Há temores a este respeito. Uma guerra de bastidores está em andamento. Ela começou bem antes de as licenças ambientais prévias terem sido concedidas. Na prática, as obras não saem sem a participação estatal, da Eletrobrás, e, especialmente, de Furnas. Ocorre que o projeto das hidrétricas do Madeira nasceu da iniciativa da Odebrechet, que bancou todos os estudos e desde o início fez parceria com Furnas para levar adiante a idéia. Essa aliança estaria inclusive selada por um contrato que garantiria que a estatal participaria do leilão em consórcio com a Odebrechet. Ocorre que, quando passou de uma idéia ambiciosa a um projeto com real possibilidades e , mais que isso, passou a obra essencial para tirar o país do risco de apagão em poucos anos, setores do governo viram nessa parceria uma desvantagem, porque ela já definiria de antemão o resultado da concorrência e afastaria potenciais candidatos.
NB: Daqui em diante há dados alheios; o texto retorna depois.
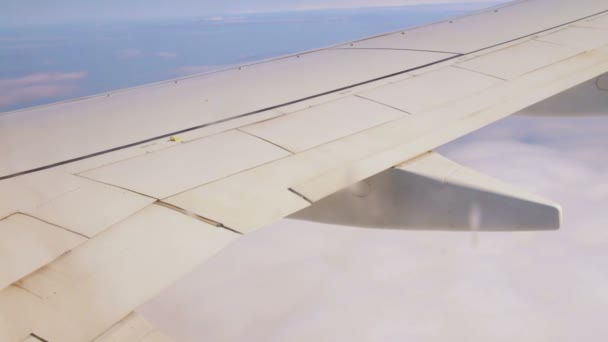 Vliegtuig vleugels in de lucht en over zee met wolken — Stockvideo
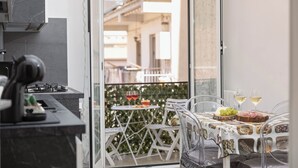 Una cocina con estufa a gas, un comedor con mesa puesta para dos personas y un balcón con mesa y sillas.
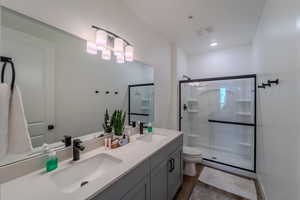 Bathroom with walk in shower, dual vanity, and toilet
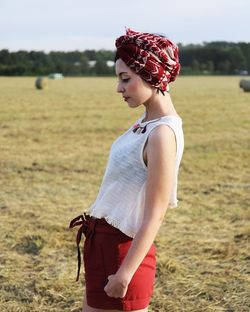 Side view of woman standing on field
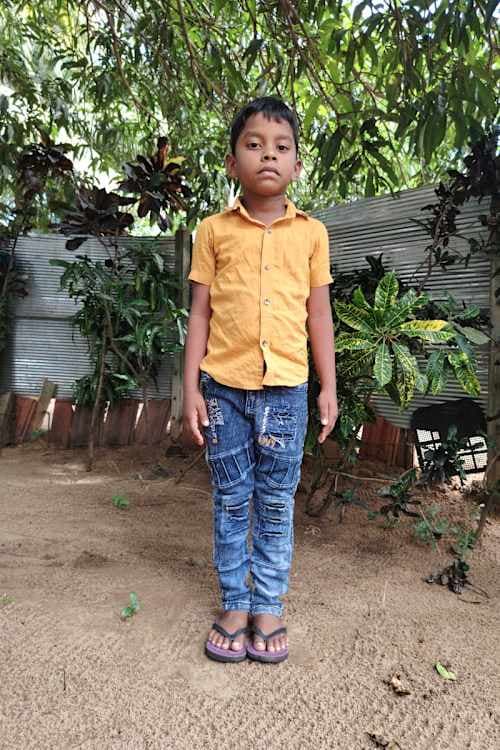 An unsponsored boy named Vishnu from Sri Lanka who has waited 547 days for a sponsor.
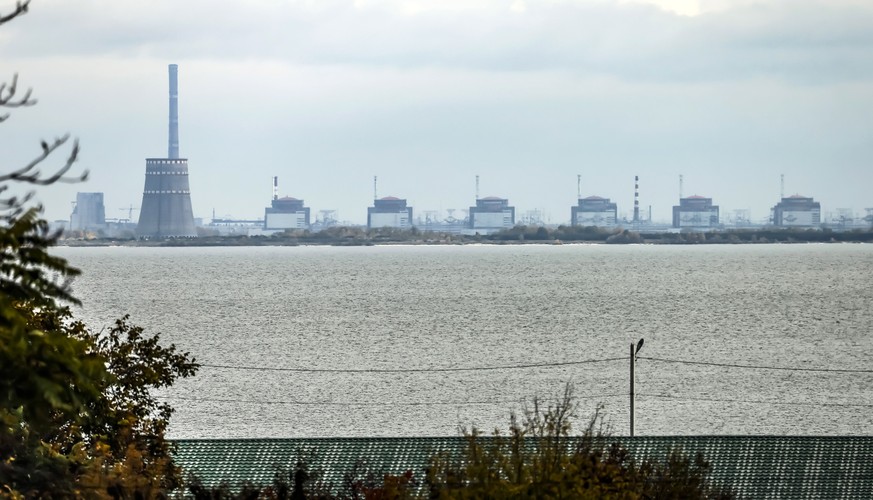 epa10271118 The Zaporizhzhia nuclear power plant (ZNPP) is seen from Nikopol, Ukraine, 28 October 2022. According to a statement by IAEA director general chief Grossi from 28 October 2022, engineers a ...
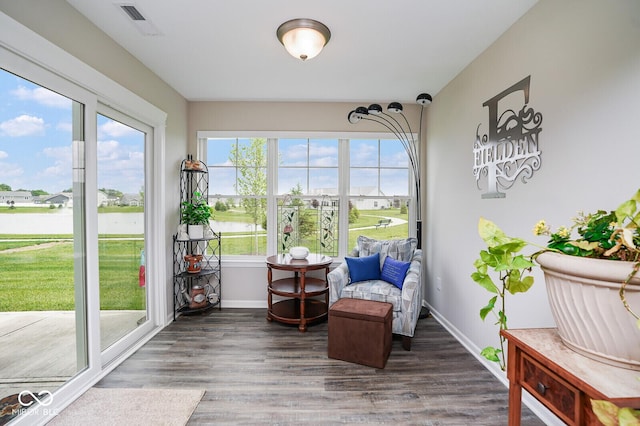7184 Lillian Pl, Cumberland, IN 46229 - sunroom with baseboards, wood finished floors, and a water view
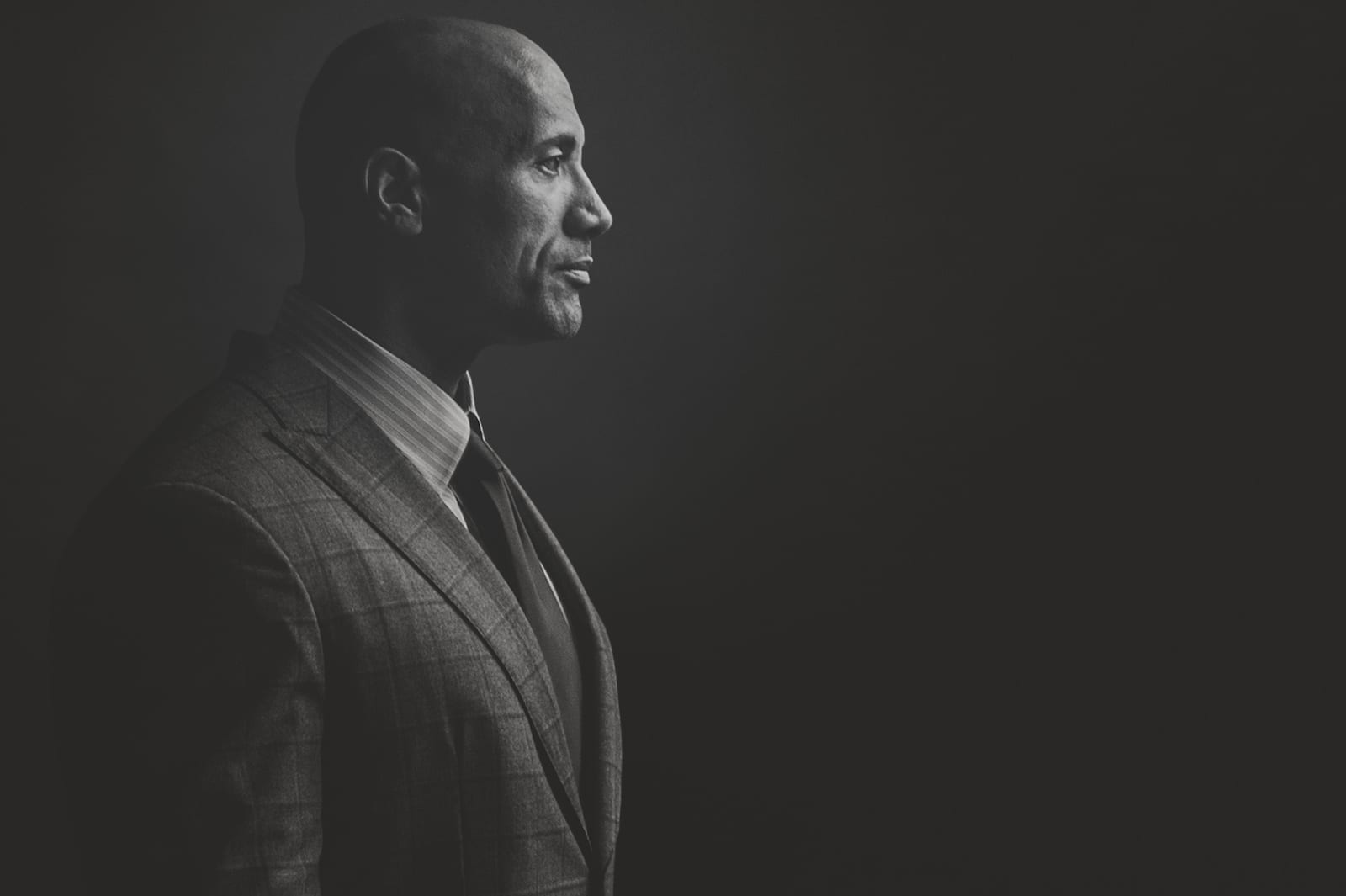 Black and white side profile of Dwayne "The Rock" Johnson with Fortune Magazine posing for the camera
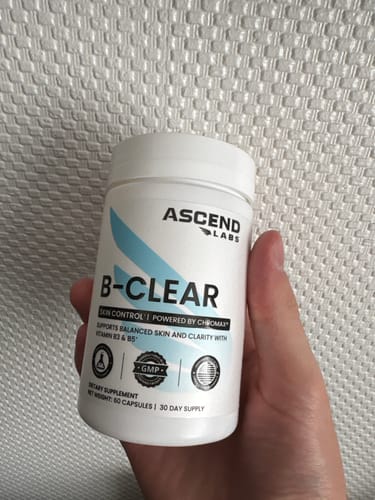 Customer holds the white bottle of B-CLEAR skin control supplements.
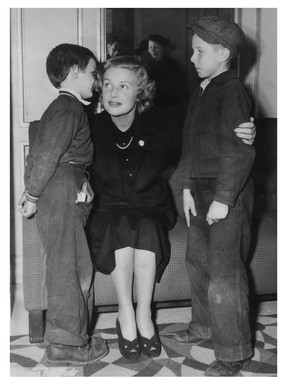 John McGinnis (left) first appeared in a Vancouver newspaper on Oct. 17, 1940, when he was chosen from a local charity to meet British movie star Madeleine Carroll. This was in The Sun. The boy on the right is Bobby Lindsay.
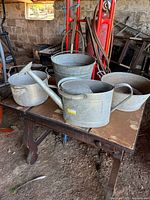 All four galvanized containers on table showing relative sizes and patina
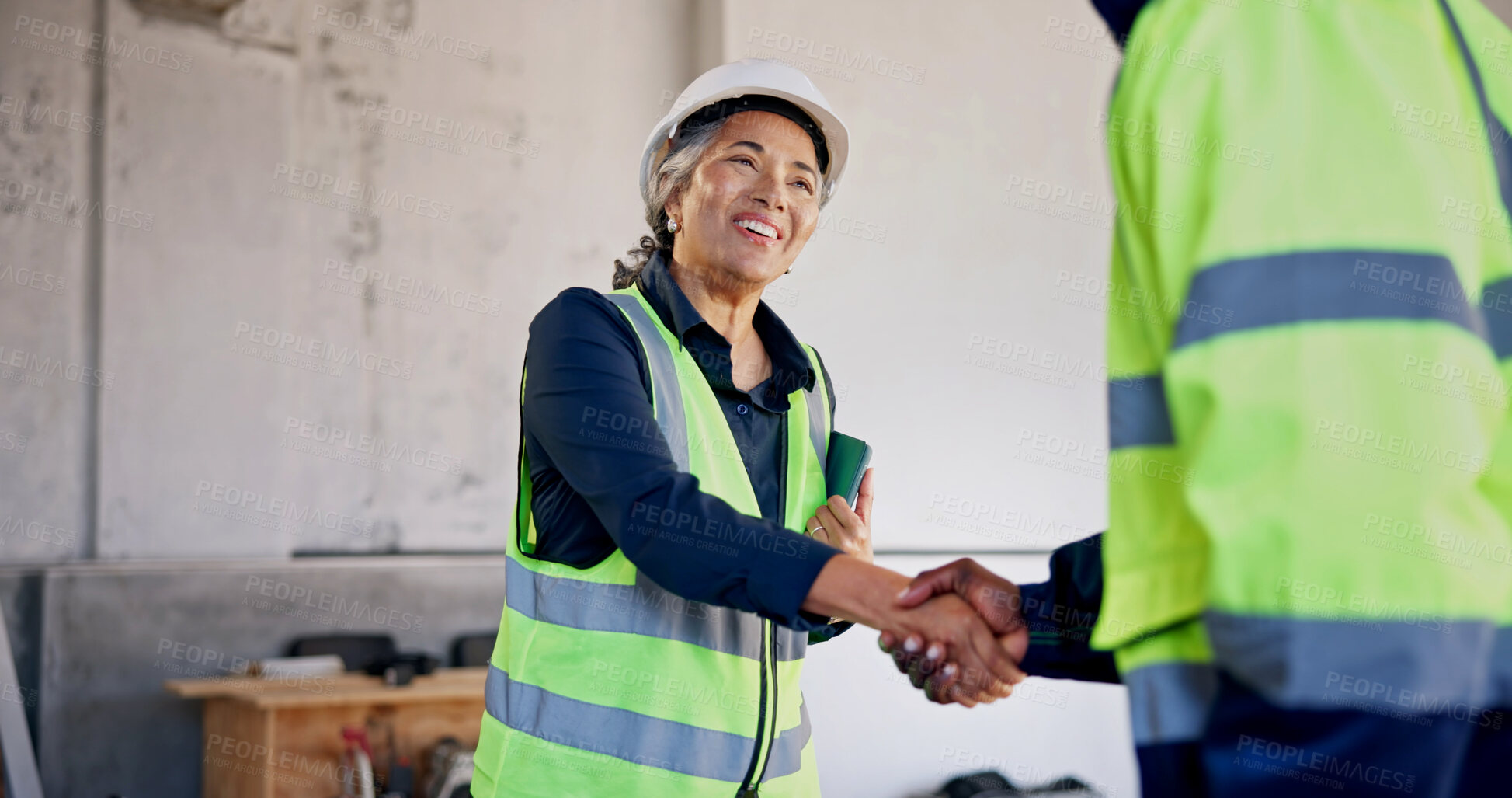 Buy stock photo Woman, smile or handshake at construction site for meeting, development team or introduction. Mature worker, deal or shaking hands at worksite for welcome, engineer collaboration or building feedback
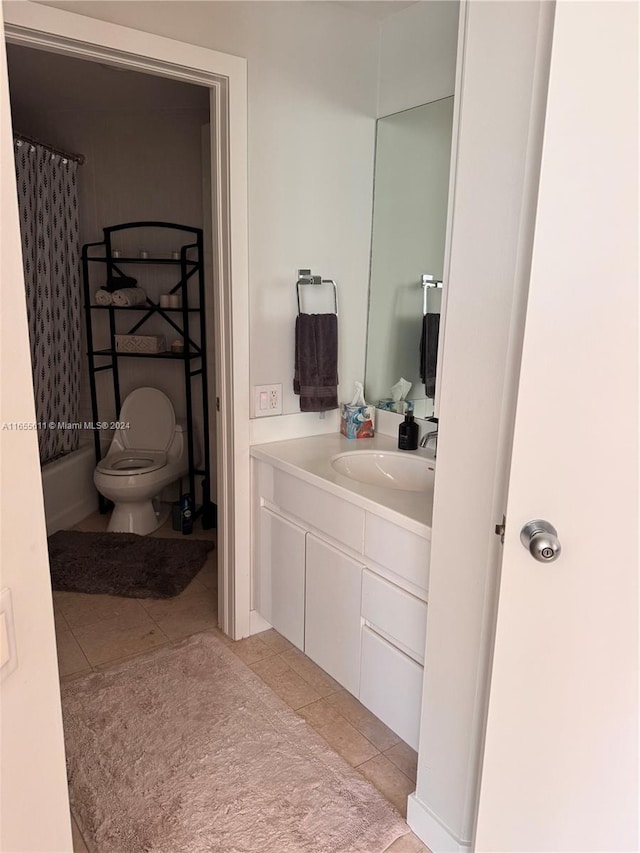 bathroom featuring curtained shower, tile patterned flooring, toilet, and vanity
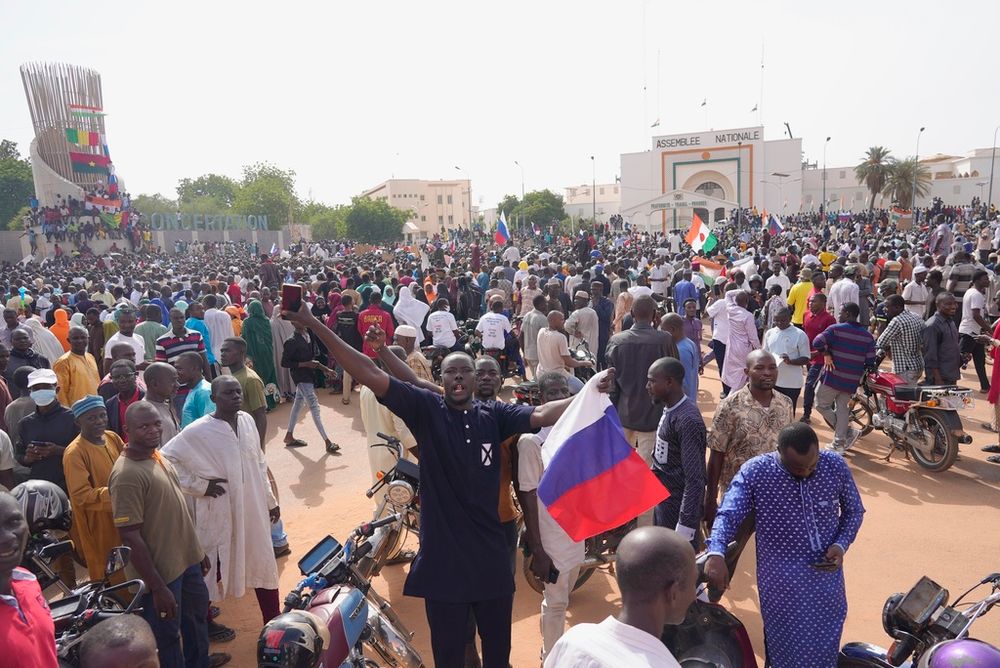 Nigeriens, some holding Russian flags, participate in a march called by supporters of coup leader Gen. Abdourahmane Tchiani in Niamey, Niger.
Por isso o Ministério das Minas e Energia aventou a hipótese de proibir a participação das estatais na primeira etapa do leilão - Furnas, mais o BNDES, entrariam apenas depois de definido o consórcio vencedor, com participação de até 49%. A disposição de ampliar o arco de candidatos, após este aceno do governo, parece ter sido bem-sucedida. Já há dez grupos interessados, desde construtoras como a Camargo Corrêa até a multinacional Suez Energia (que vai concorrer sozinha) e a Vale do Rio Doce.

Mas o governo não tomou nenhuma iniciativa em oficializar, por escrito, essa proibição, o que indica que não há decisão final sobre o assunto. Assim, a preparação da licitação da usina de Santo Antonio corre contra o relógio em meio a grandes incertezas. Não ajuda em nada o processo o fato de um ar de interinidade cercar o ministro da Energia, Nelson Hubner, e Furnas estar acéfala.

É recomendável a esta altura que as regras do jogo sejam apresentadas rapidamente. É preciso que os termos do contrato assinado entre Furnas e a construtora sejam de conhecimento público. Em nenhum momento o governo nega a existência do contrato, mas tampouco o confirma. Depois da novela para as autorizações ambientais, a construção das hidrelétricas do Madeira agora está sendo freada por uma resistência do governo em pôr as cartas na mesa.